Web page caption snippets:
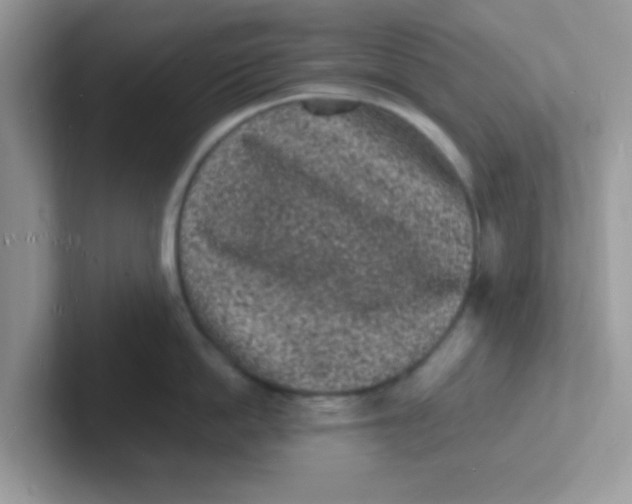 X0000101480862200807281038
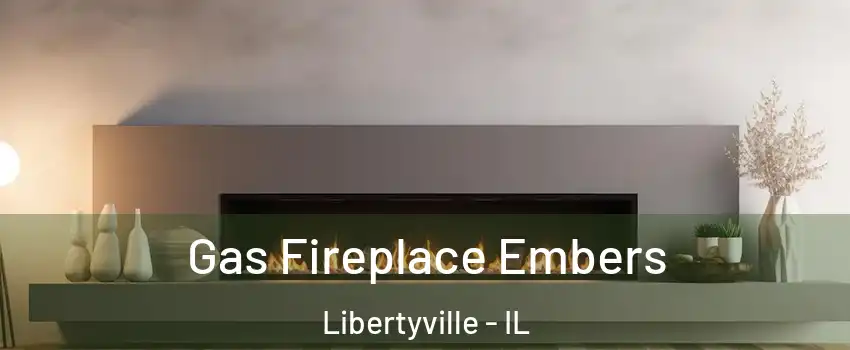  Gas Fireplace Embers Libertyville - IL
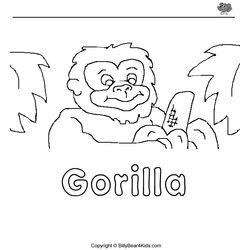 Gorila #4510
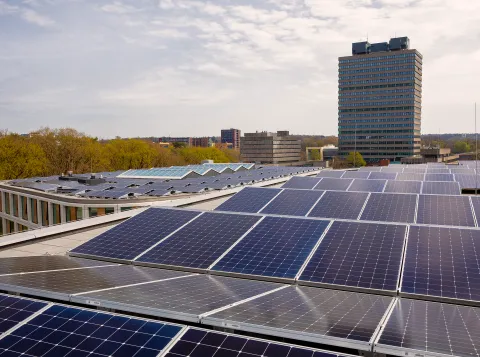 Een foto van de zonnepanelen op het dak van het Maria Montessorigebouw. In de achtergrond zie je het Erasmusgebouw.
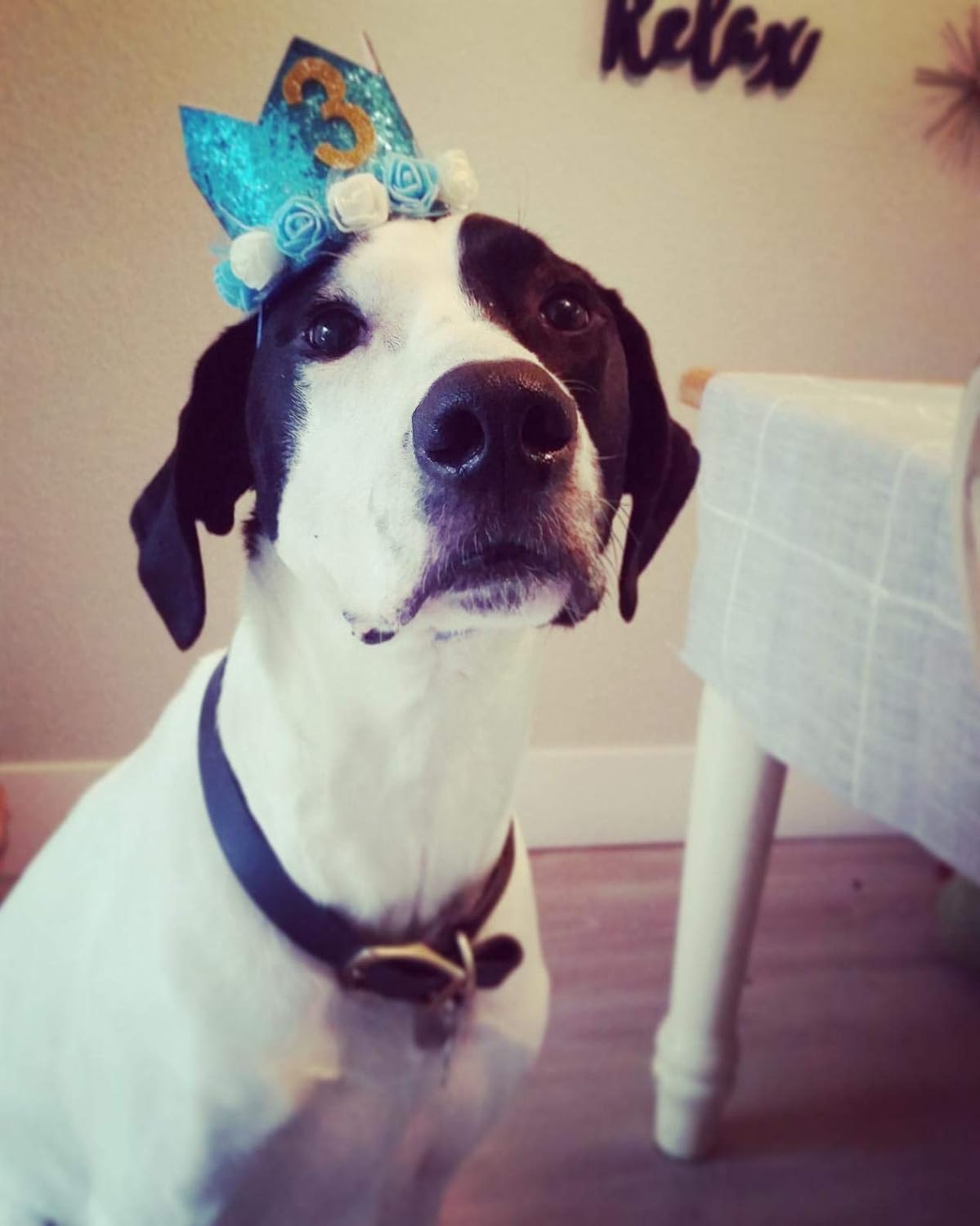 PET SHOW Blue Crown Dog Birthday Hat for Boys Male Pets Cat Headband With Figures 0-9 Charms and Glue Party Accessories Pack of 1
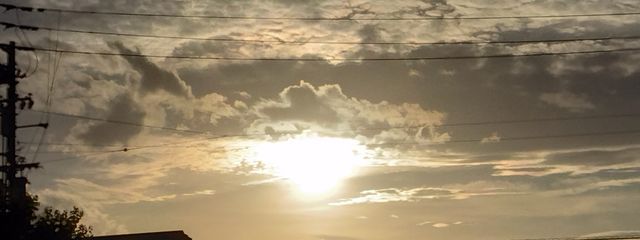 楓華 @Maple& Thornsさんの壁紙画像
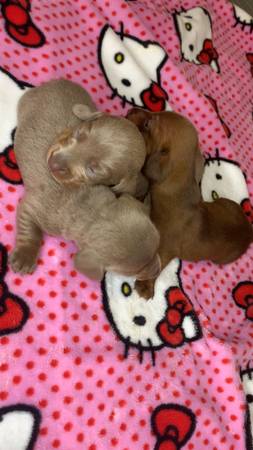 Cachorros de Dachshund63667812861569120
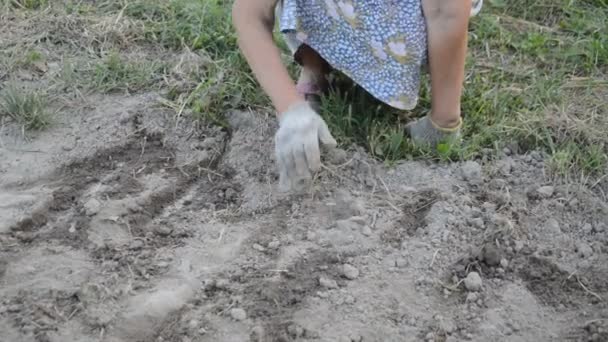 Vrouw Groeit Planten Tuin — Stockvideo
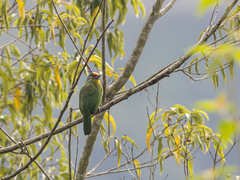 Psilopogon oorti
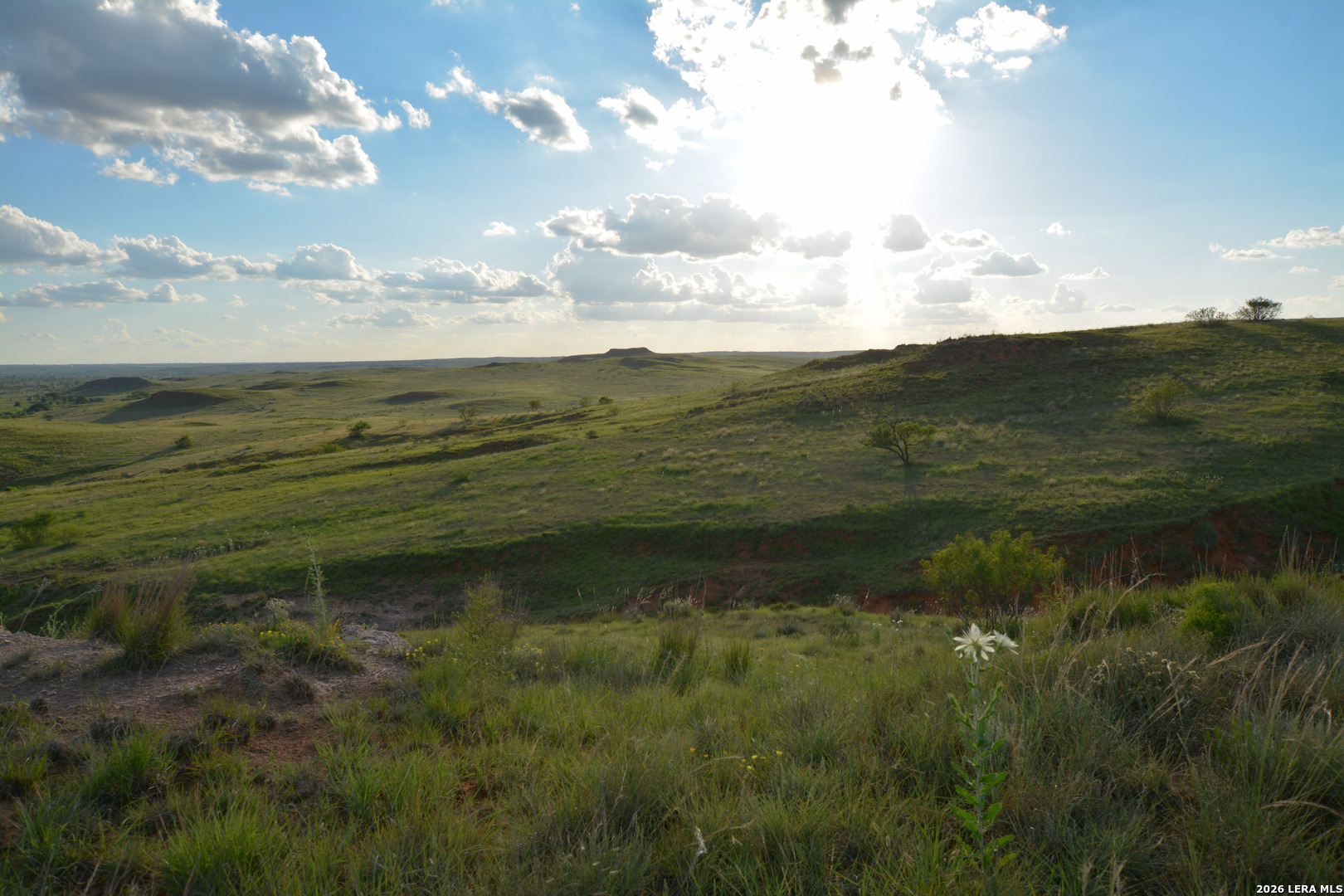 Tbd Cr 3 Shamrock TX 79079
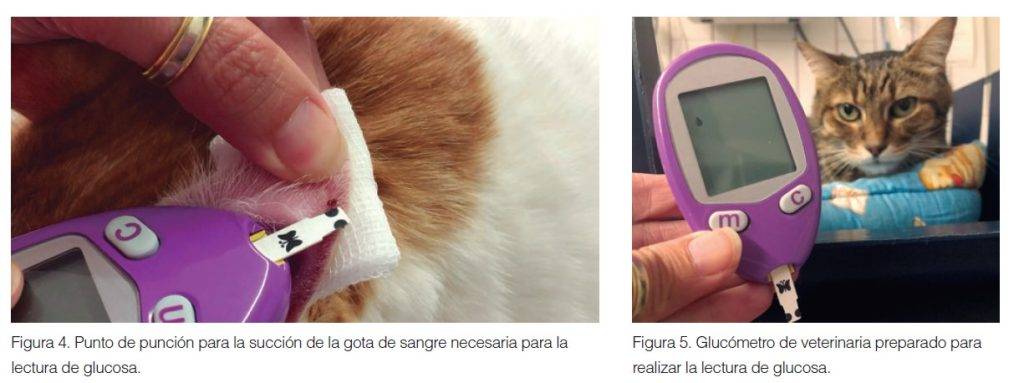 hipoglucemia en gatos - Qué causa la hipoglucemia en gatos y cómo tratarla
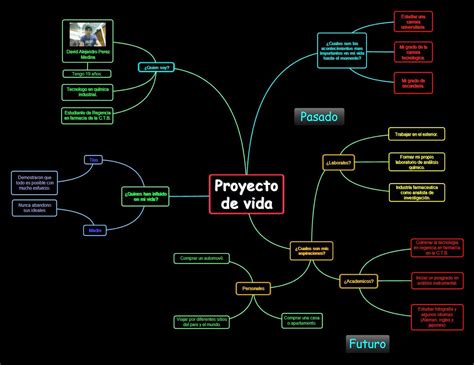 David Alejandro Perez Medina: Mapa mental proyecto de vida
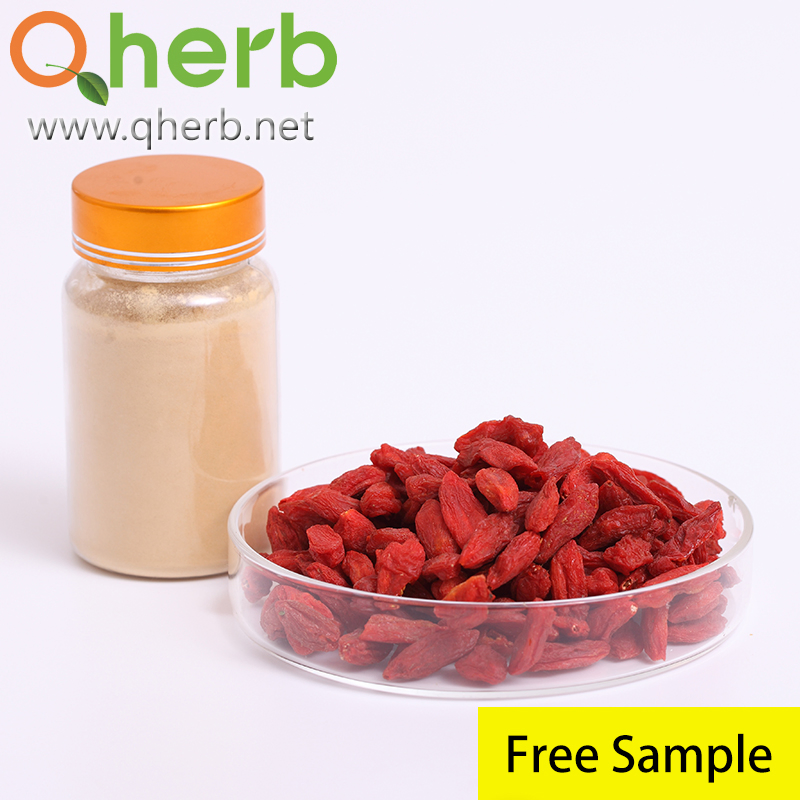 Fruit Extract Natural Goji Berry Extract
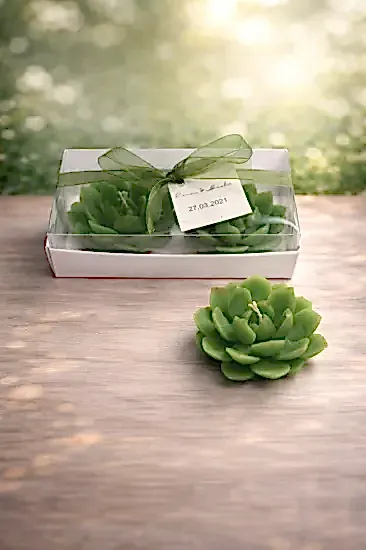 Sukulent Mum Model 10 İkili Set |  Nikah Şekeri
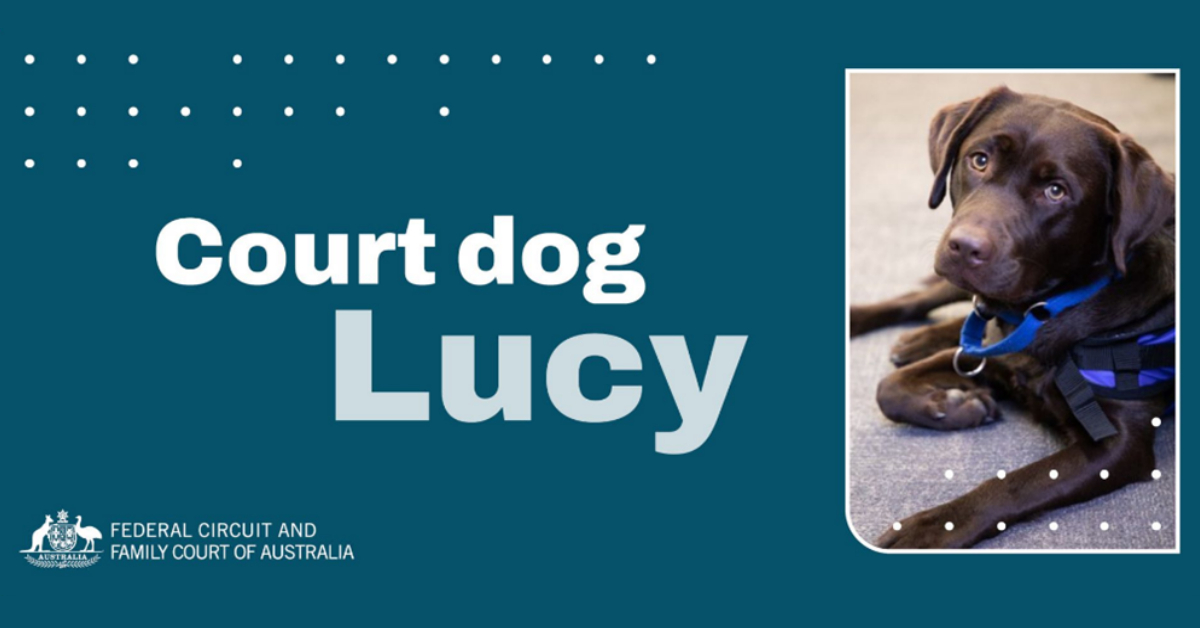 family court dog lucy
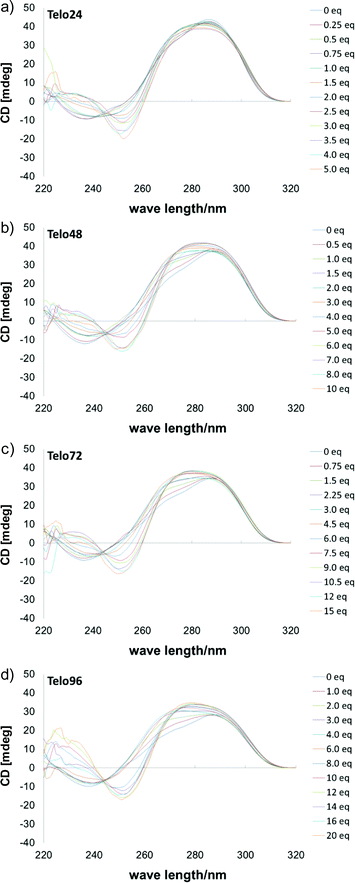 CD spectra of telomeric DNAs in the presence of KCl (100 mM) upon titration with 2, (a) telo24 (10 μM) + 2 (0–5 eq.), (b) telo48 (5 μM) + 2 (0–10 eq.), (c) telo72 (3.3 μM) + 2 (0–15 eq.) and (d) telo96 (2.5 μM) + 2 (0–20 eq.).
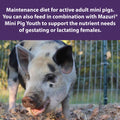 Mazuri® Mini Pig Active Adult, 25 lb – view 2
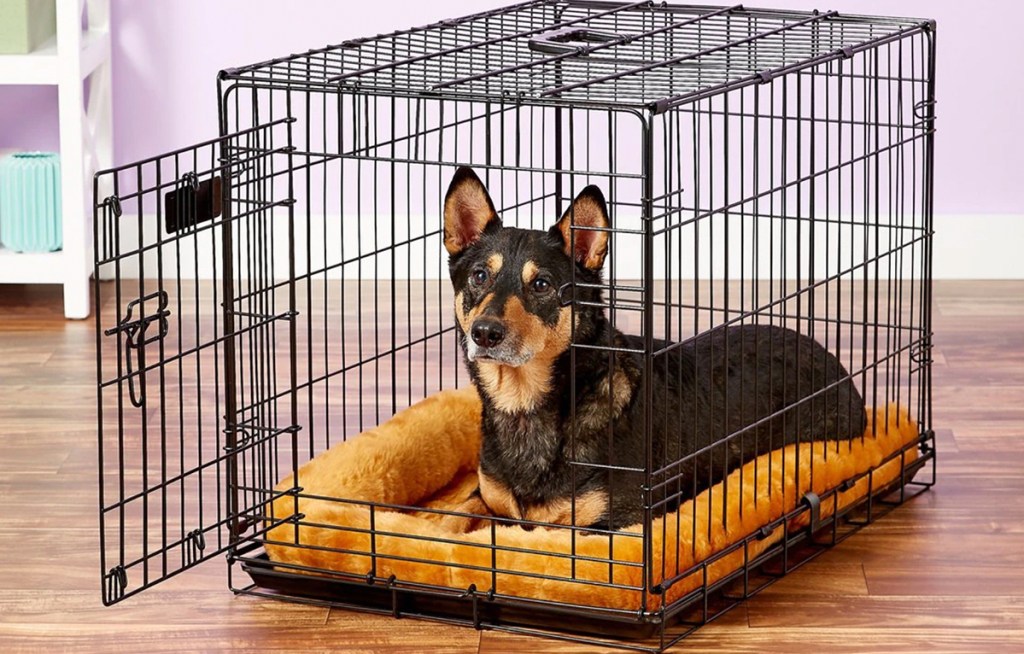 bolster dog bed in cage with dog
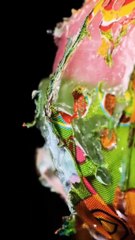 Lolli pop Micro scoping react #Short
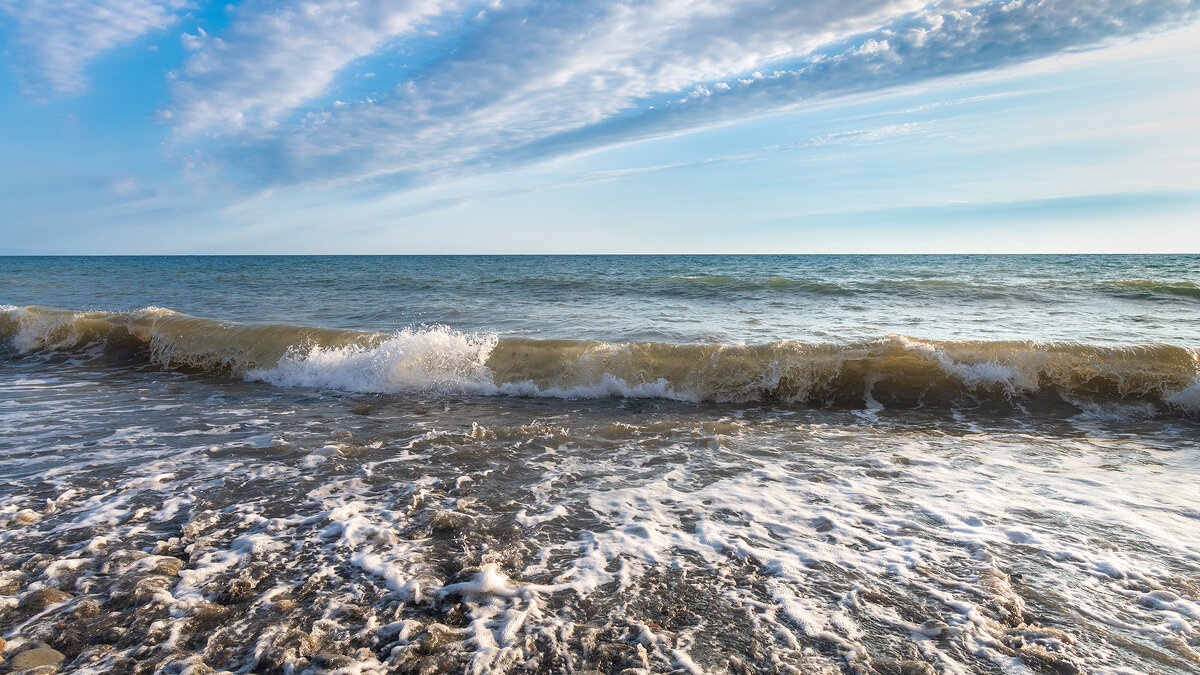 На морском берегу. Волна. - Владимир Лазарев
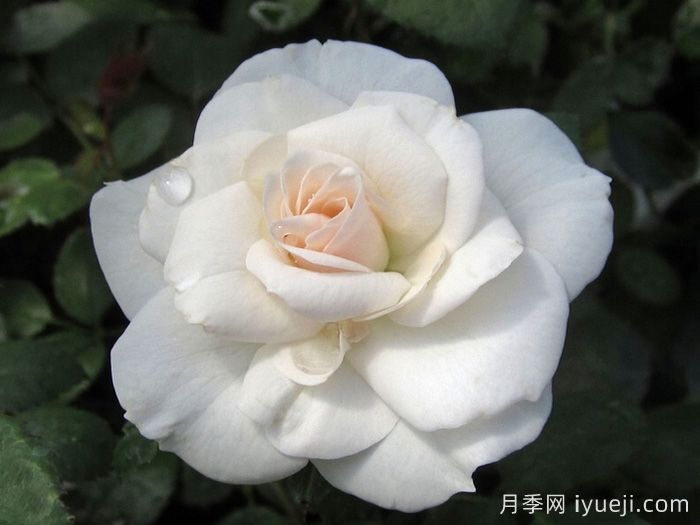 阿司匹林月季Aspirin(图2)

### GOAL OF THE EXERCISE
Each line above is to be copied verbatim. Drop any image from the copy.

### EXERCISE RESPONSE
 X0000101480862200807281038
  Gas Fireplace Embers Libertyville - IL
 Gorila #4510
 Een foto van de zonnepanelen op het dak van het Maria Montessorigebouw. In de achtergrond zie je het Erasmusgebouw.
 PET SHOW Blue Crown Dog Birthday Hat for Boys Male Pets Cat Headband With Figures 0-9 Charms and Glue Party Accessories Pack of 1
 楓華 @Maple& Thornsさんの壁紙画像
 Cachorros de Dachshund63667812861569120
 Vrouw Groeit Planten Tuin — Stockvideo
 Psilopogon oorti
 Tbd Cr 3 Shamrock TX 79079
 hipoglucemia en gatos - Qué causa la hipoglucemia en gatos y cómo tratarla
 David Alejandro Perez Medina: Mapa mental proyecto de vida
 Fruit Extract Natural Goji Berry Extract
 Sukulent Mum Model 10 İkili Set |  Nikah Şekeri
 family court dog lucy
 CD spectra of telomeric DNAs in the presence of KCl (100 mM) upon titration with 2, (a) telo24 (10 μM) + 2 (0–5 eq.), (b) telo48 (5 μM) + 2 (0–10 eq.), (c) telo72 (3.3 μM) + 2 (0–15 eq.) and (d) telo96 (2.5 μM) + 2 (0–20 eq.).
 Mazuri® Mini Pig Active Adult, 25 lb – view 2
 bolster dog bed in cage with dog
 Lolli pop Micro scoping react #Short
 На морском берегу. Волна. - Владимир Лазарев
 阿司匹林月季Aspirin(图2)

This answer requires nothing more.